Do small datasets produce more significant results? – Reproducible research

Presenter: Tom Smekens

In this session, we look into the myth that small datasets seemingly typically produce more significant results than large datasets. The real reason for this phenomenon is publication bias. The prevalence and consequences are probably even worse than you might think.
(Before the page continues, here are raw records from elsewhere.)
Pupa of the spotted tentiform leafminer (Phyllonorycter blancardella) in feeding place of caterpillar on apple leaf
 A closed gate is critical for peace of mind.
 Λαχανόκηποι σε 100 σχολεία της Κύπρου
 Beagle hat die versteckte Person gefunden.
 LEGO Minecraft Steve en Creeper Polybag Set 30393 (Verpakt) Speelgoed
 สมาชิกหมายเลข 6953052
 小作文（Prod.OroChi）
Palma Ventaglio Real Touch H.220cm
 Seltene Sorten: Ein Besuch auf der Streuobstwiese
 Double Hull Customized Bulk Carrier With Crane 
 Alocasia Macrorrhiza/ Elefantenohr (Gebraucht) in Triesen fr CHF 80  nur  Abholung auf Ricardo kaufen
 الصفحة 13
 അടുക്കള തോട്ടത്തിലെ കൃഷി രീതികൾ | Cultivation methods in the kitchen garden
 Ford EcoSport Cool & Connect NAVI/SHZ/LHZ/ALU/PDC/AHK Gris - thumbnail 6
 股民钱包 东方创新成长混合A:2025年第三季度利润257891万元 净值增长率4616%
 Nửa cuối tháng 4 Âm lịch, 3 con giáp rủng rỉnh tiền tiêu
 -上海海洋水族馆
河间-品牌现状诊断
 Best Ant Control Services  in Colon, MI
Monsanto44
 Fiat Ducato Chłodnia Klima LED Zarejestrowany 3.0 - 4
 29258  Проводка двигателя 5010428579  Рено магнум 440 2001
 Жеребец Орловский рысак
We will also share some tips on how to make your research as robust and reproducible as possible.
 

Improving your study – How the tips from these seminars can help you

Presenter: Bart Jacobs

In this final seminar, we will give a brief overview of the different topics that we touched during the series and highlight how your newfound knowledge about them can help you from setting up your newest study to publishing the results. We also welcome all questions and feedback and will try to answer any additional questions you have.